#### Dataset records ####

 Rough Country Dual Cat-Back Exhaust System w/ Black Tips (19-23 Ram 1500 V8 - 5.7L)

####
#### Dataset records ####

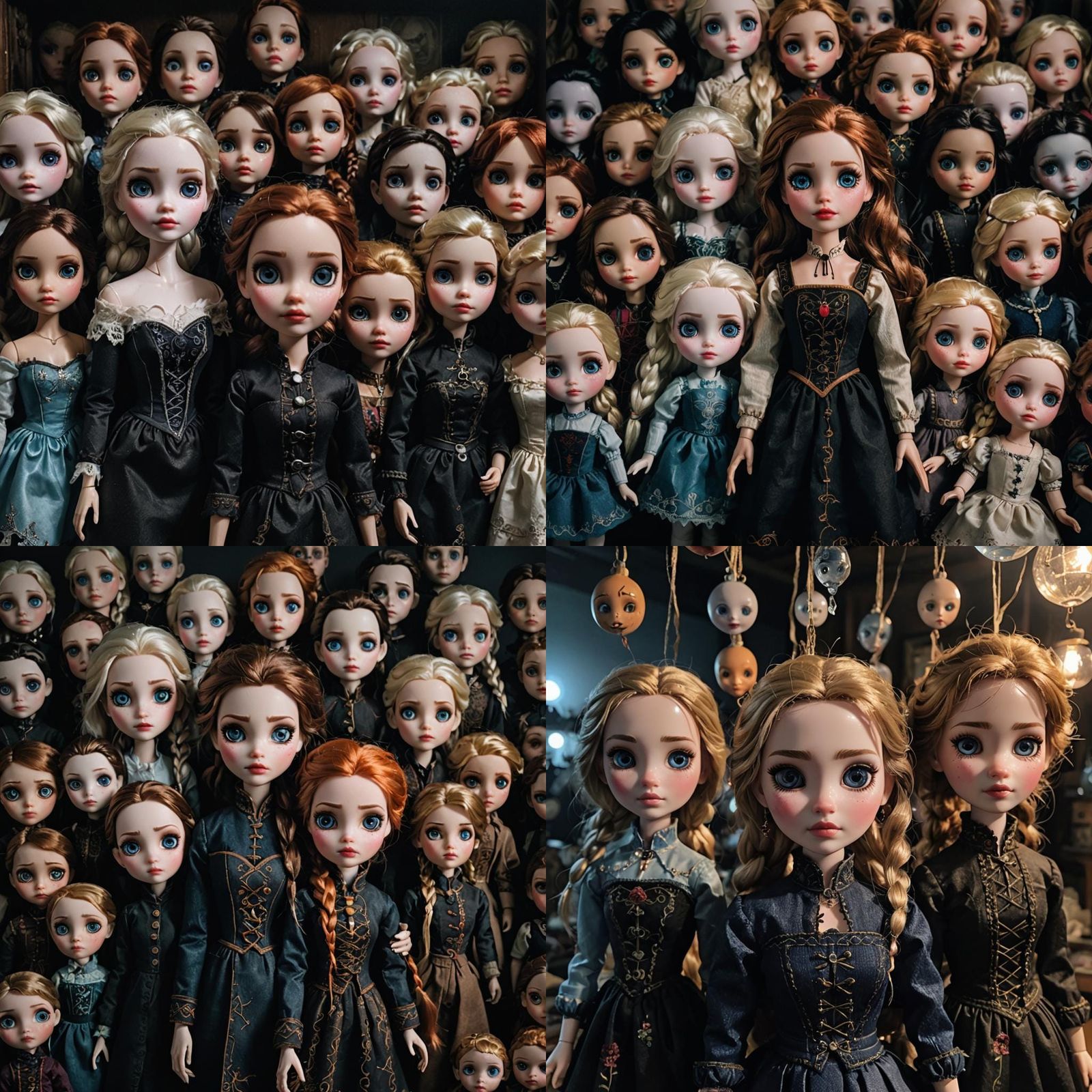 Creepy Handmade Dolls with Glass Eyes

####
#### Dataset records ####

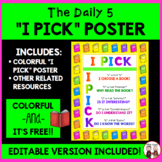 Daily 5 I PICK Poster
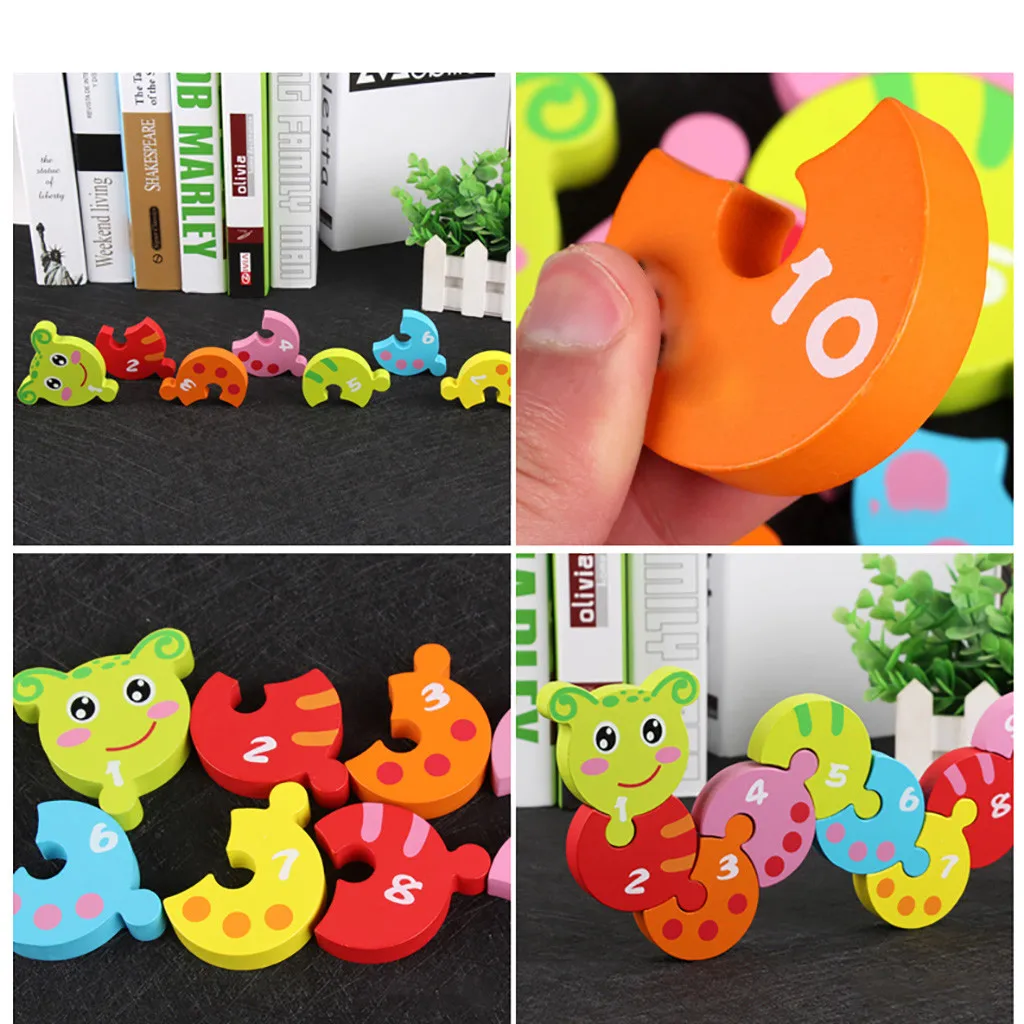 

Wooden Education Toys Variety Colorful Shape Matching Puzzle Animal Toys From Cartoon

####

What is needed is an exact copy of the lines above, from the one holding "Daily 5 I PICK Poster" down to the one holding "Wooden Education Toys", with those two included and the pictures left out.

> Answer area:
 Daily 5 I PICK Poster

Wooden Education Toys Variety Colorful Shape Matching Puzzle Animal Toys From Cartoon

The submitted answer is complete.